Tell me how you ended up at Dr Oetker?
I have spent 32 years in the food business at firms including Kraft, St Ivel and Sara Lee. When I heard Dr Oetker was coming over here I thought I want to be part of this, it was a chance to put my own stamp on a business. We tested Pizza Ristorante for a year in the Border region and recruited on the back of the research. It began as three Germans (finance, sales and marketing) and myself in one room. Our first order came from Booths followed by Tesco, Morrisons and Somerfield. 

How does it differ working for a German family company?
They really care about their employees - you are not just a number. They want to show affinity to you as you are representing their brand. My pressures are different. I report to Germany weekly, monthly and yearly. The hardest bit is teaching them about UK retailing.
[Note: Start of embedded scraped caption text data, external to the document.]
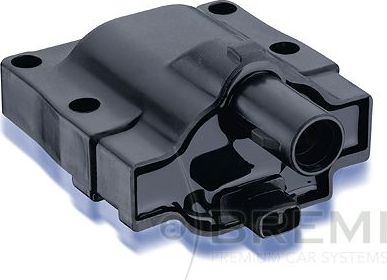 Катушка зажигания Bremi для Lexus LS II 1994-2000. Артикул 20301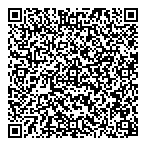 Child's Garden Pre-School QR Card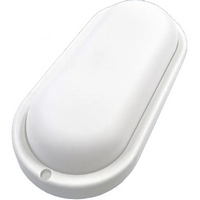 A317955 articul-A317955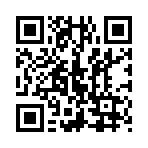 QR for All British Car Show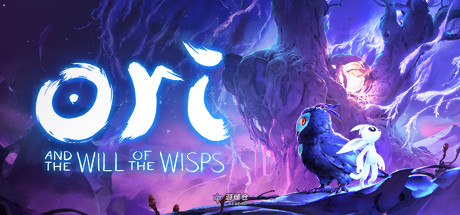 奥日与鬼火意志 精灵与萤火意志 Ori and the Will of the Wisps B.5780606 中文版(PC/动作冒险)修改器/存档/12G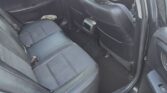 Toyota camry 2015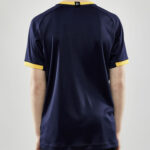 Progress 2.0 Graphic Jersey Jr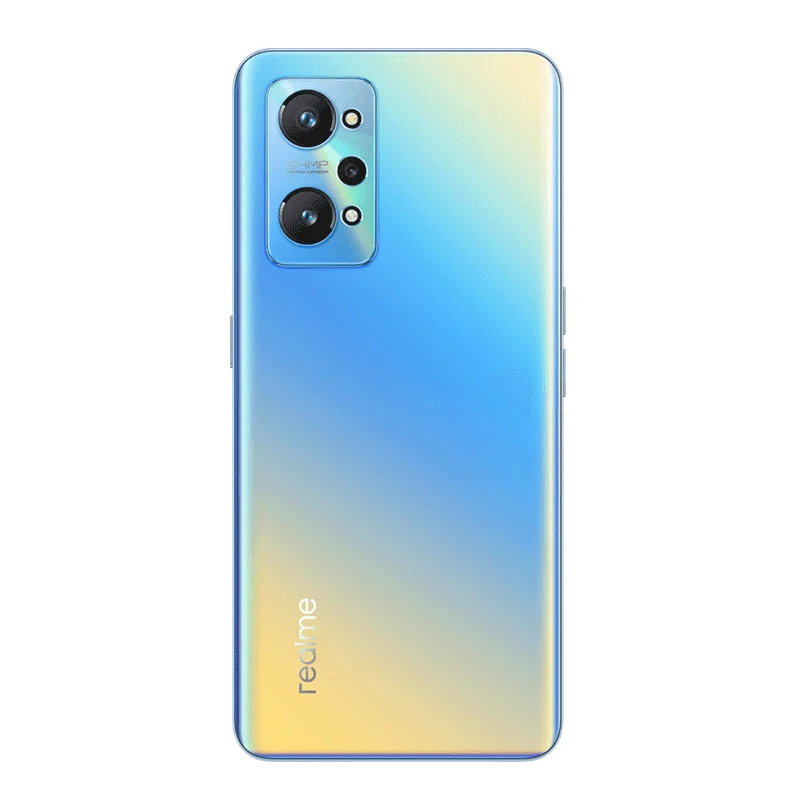 global version realme gt neo 2 5g mobile phone snapdragon 870 64mp 5000mah 65w fast charge 6 62 amoled 120hz dc dimming nfc free global shipping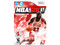 NBA 2K11 (Wii)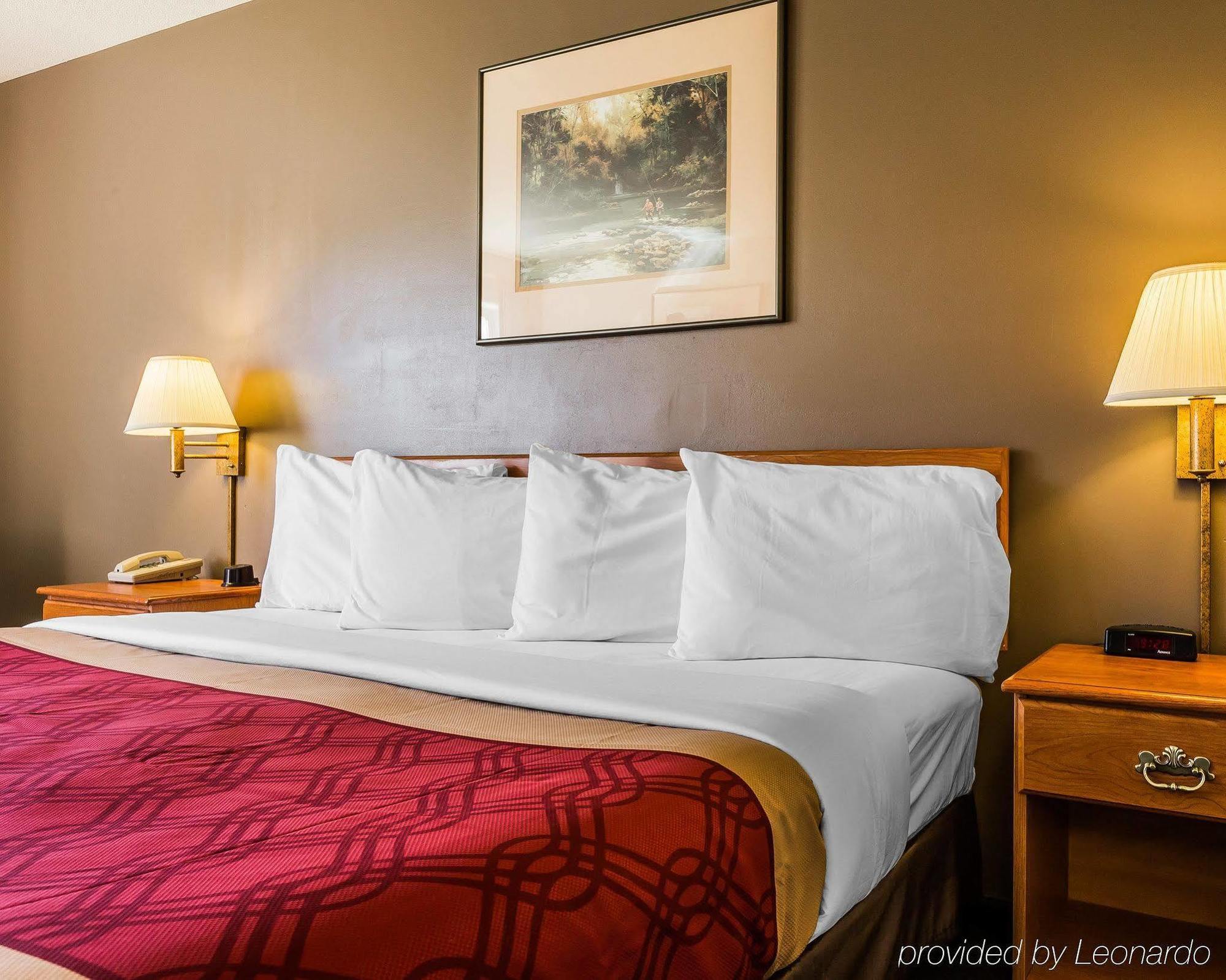 West End Lodge Pagosa Springs Bagian luar foto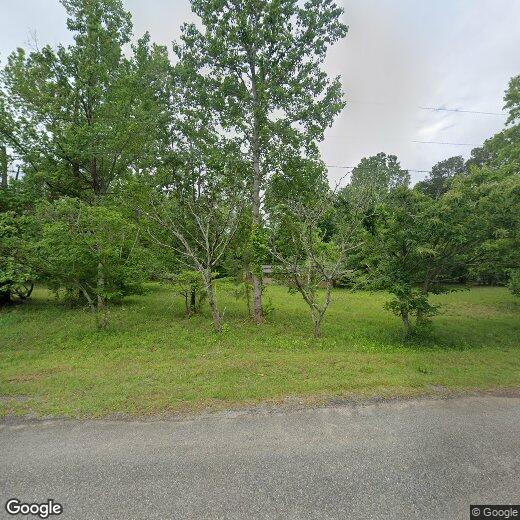 Foto principal - 103 Jones Mill Rd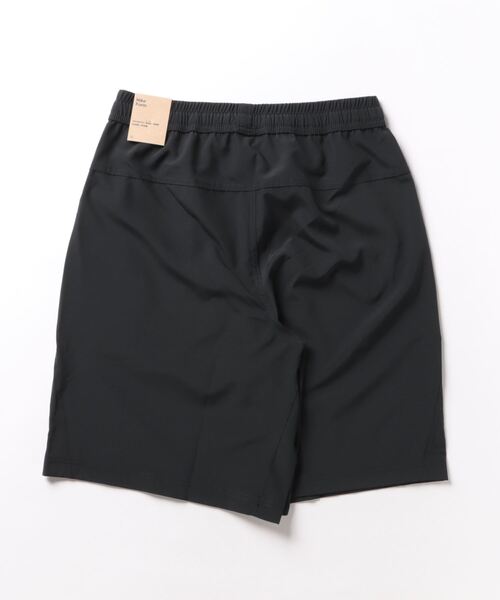 NIKE（ナイキ）の「《NIKEアパレル》DF フォーム UL 9インチ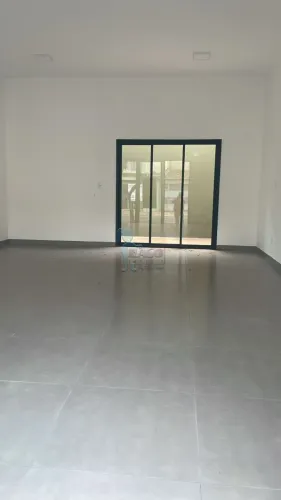 Loja comercial de 60m² com 01 banheiro para locação - Jardim São Sebastião em Sertãozinho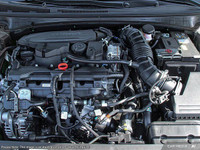 *Why choose 401 Dixie Hyundai for your next Hyundai?* Forget the trip to multiple Hyundai stores in... (image 5)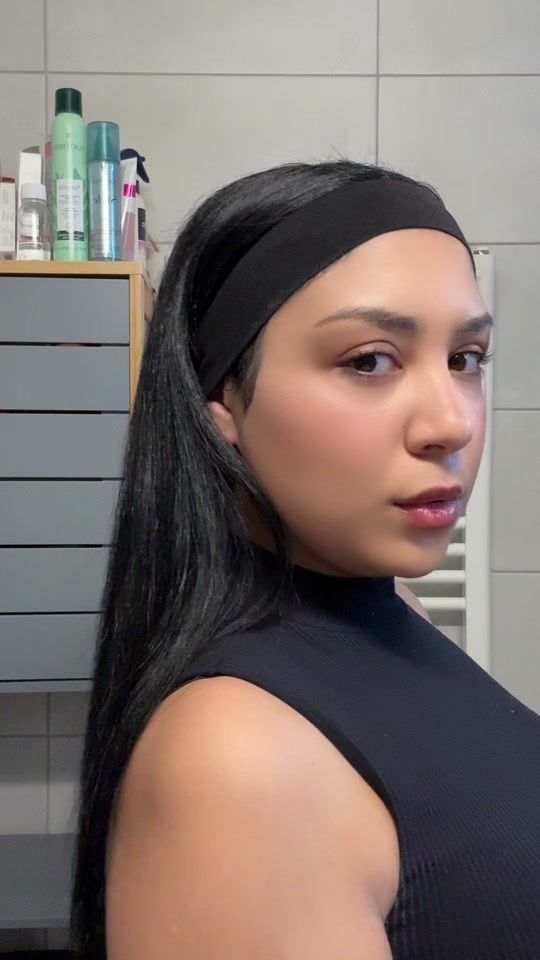 TikTok video thumbnail by madame.cs9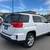 2017 GMC Terrain SLE AWD 5 thumbnail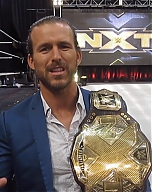 NXT_Champ_Adam_Cole_talks_Undisputed_Era2C_Historic_Moment2C_NXT2C_USA_Network2C_Fans2C_Baszler_at_WWE_PC_mp40473.jpg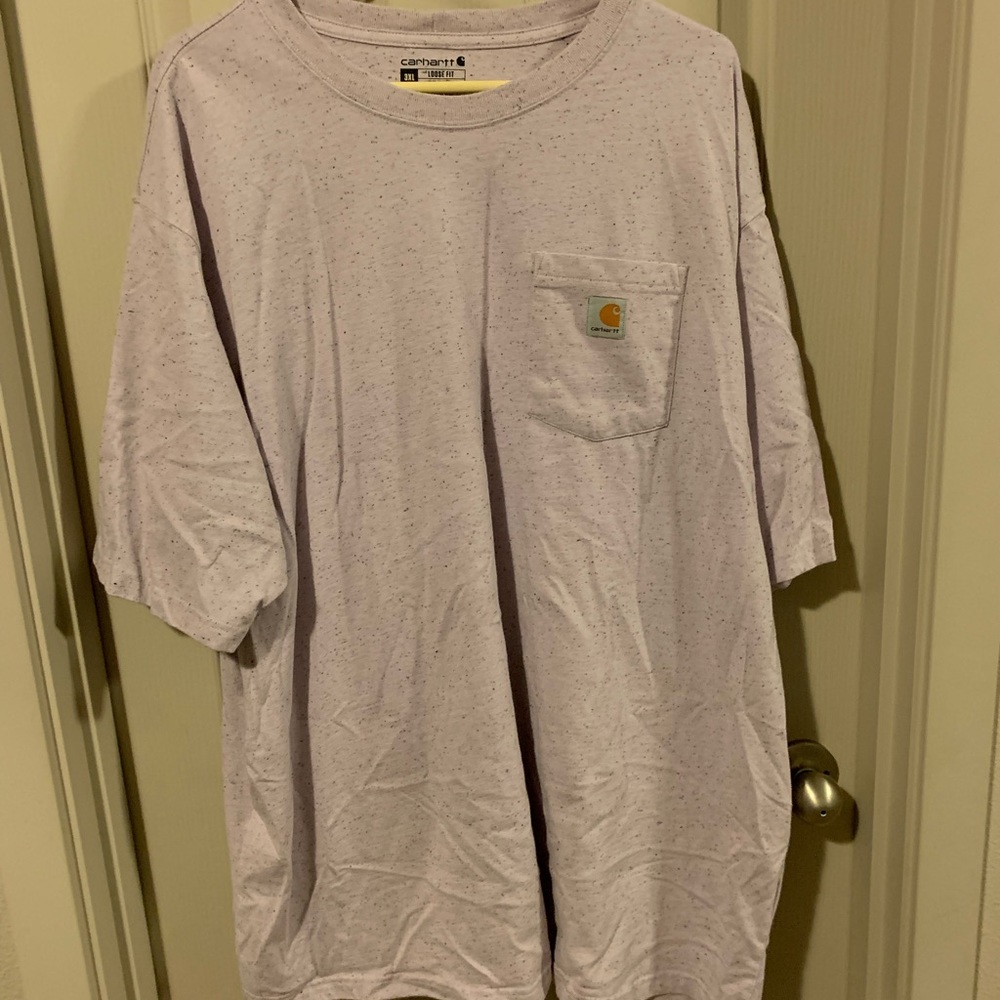 Carhartt shirt for men’s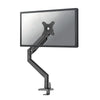 Neomounts - Brazo para monitor next slim 1 pantalla 35 pulgadas negro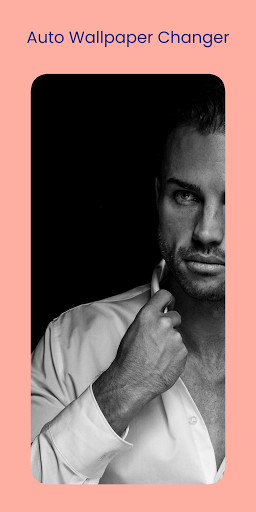 Wallpapers: Wallpaper Changer screenshot image 7_Popularmodapk.com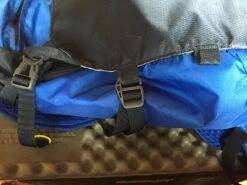 Kelty Capture 25 -Bag Series Store Kelty 22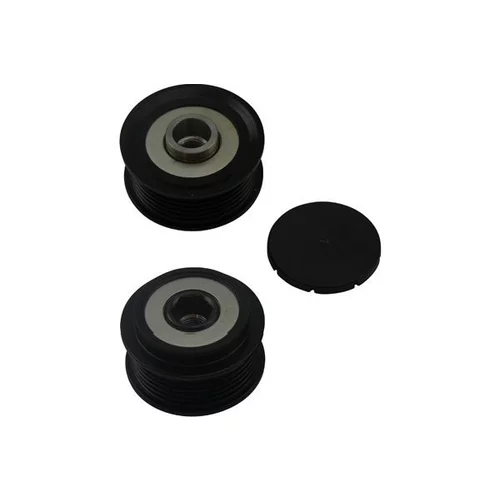 Voľnobežka alternátora KAVO PARTS DFP-9010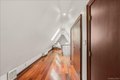 Additional image 24 of 33-24 83rd St, Jackson Heights, NY, 11372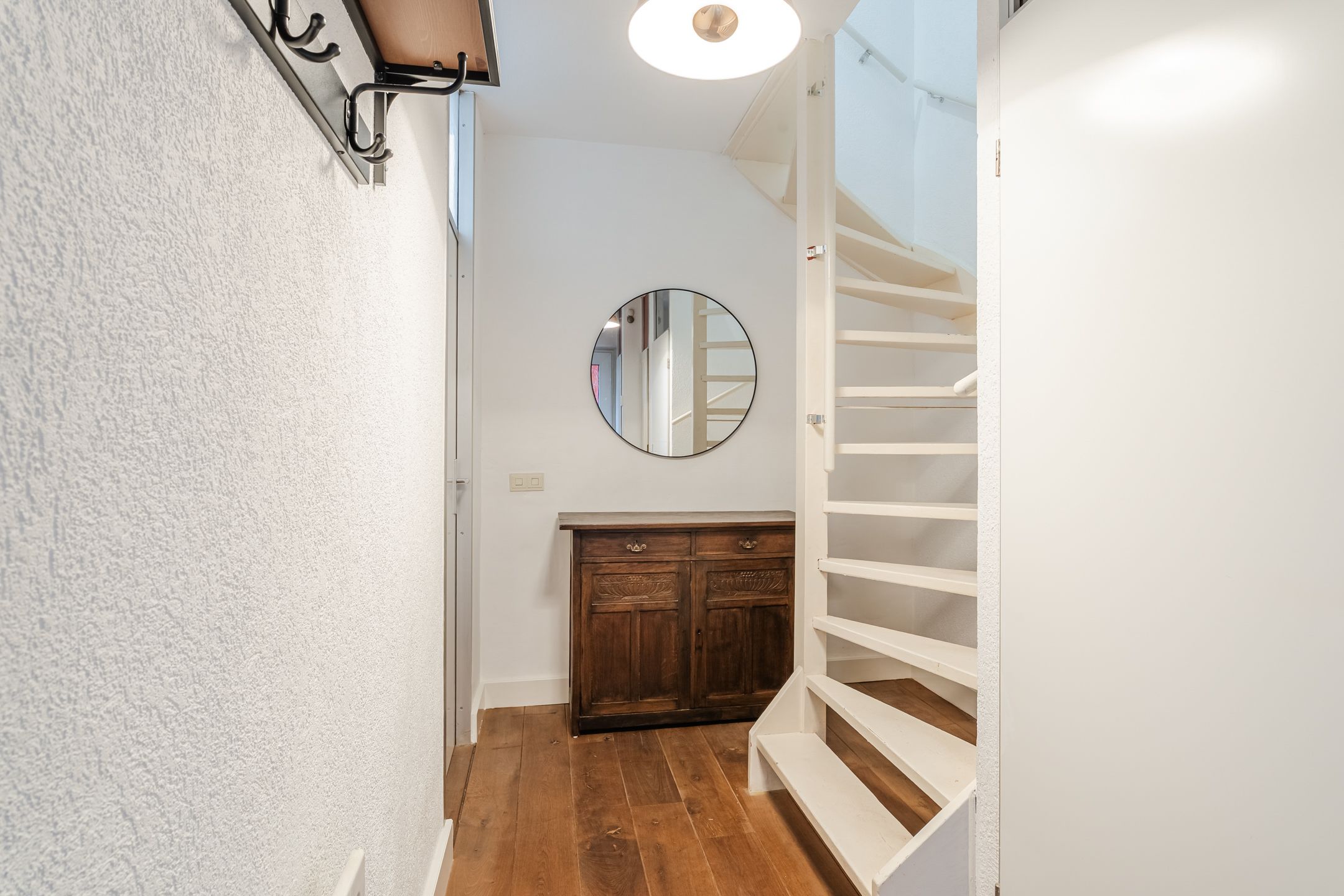 Foto 9 van Van Dillewijndreef 17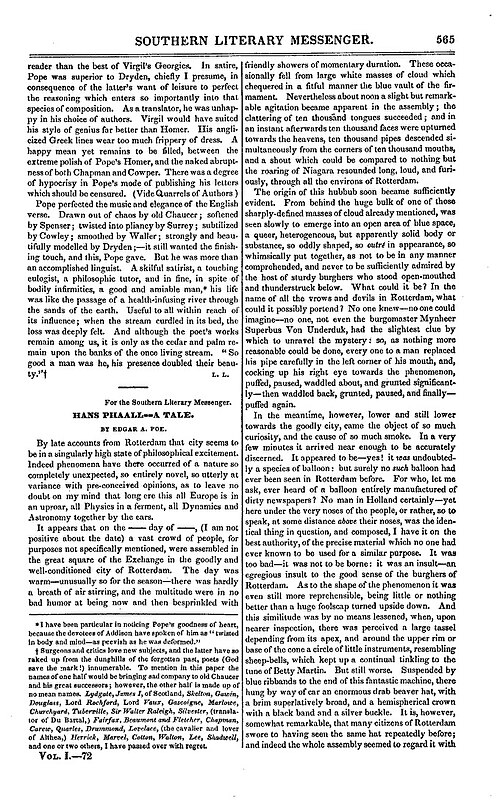 File:HansPhaall35.jpg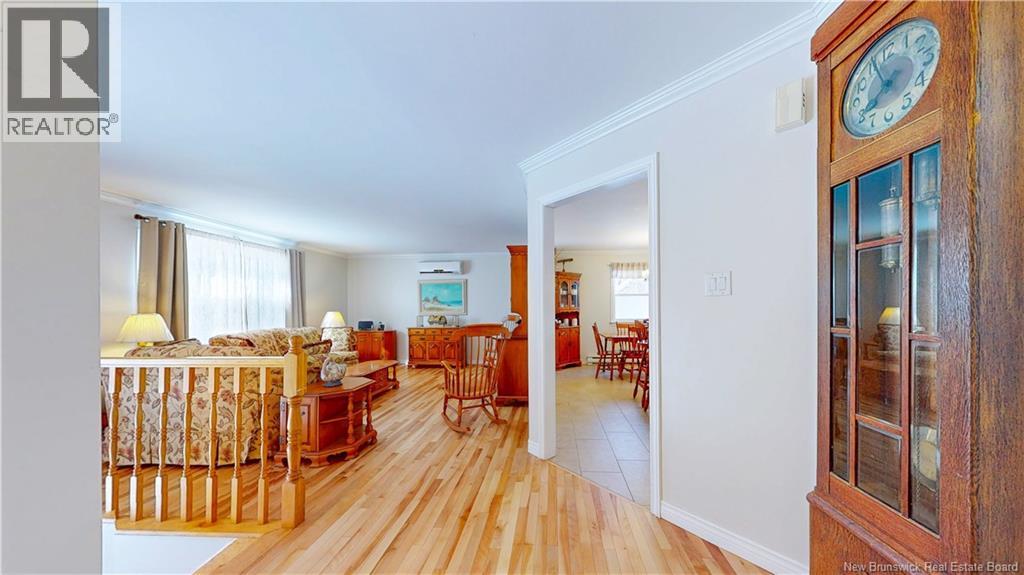 360 Gondola Point Road, Rothesay, New Brunswick E2E 1X5 - Photo 10 - NB133545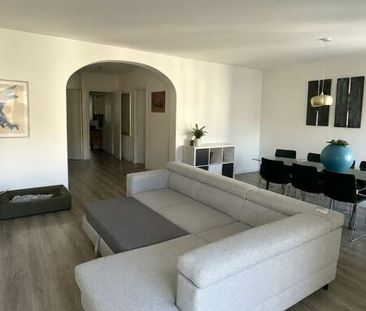 2.5 Zimmer, 92 m² - Foto 6
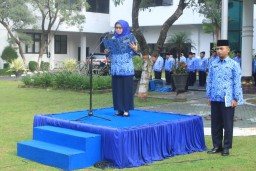 Duh..! Citra Pegawai Negeri Lumajang Masih Buruk di Masyarakat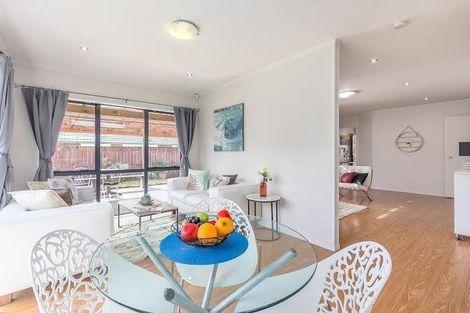 Photo of property in 200 Te Irirangi Drive, Flat Bush, Auckland, 2019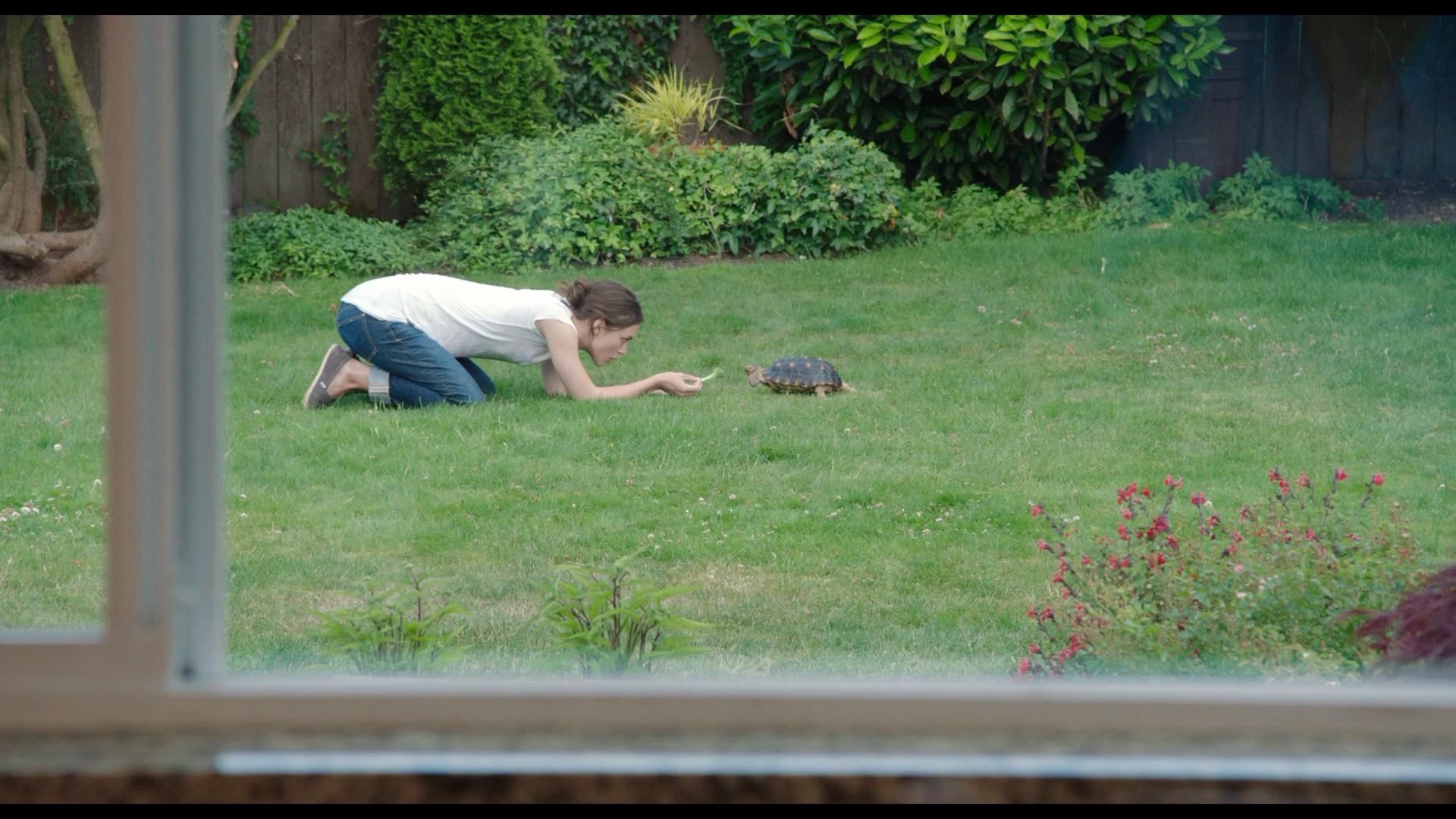 Download Keira Knightley Movie Laggies HD Wallpaper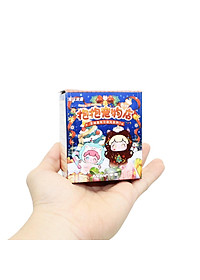 product-img-3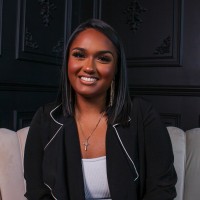 Ashley Abdul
They struggle with the fact that Tesco is so dominant and this also has an impact on their central European business. In Germany you have annual contracts. In the UK it is hourly; you are only one phone call away from a delist. 

What's your favourite product?
Pizza Funghi is my favourite pizza. In the Onken range I love peach mousse and the rhubarb and vanilla BioPot. You decided to base the business in Leeds - are you a Leeds United Fan? No way! I have been a Blackpool fan for 45 years and, yes, you do get less time for murder.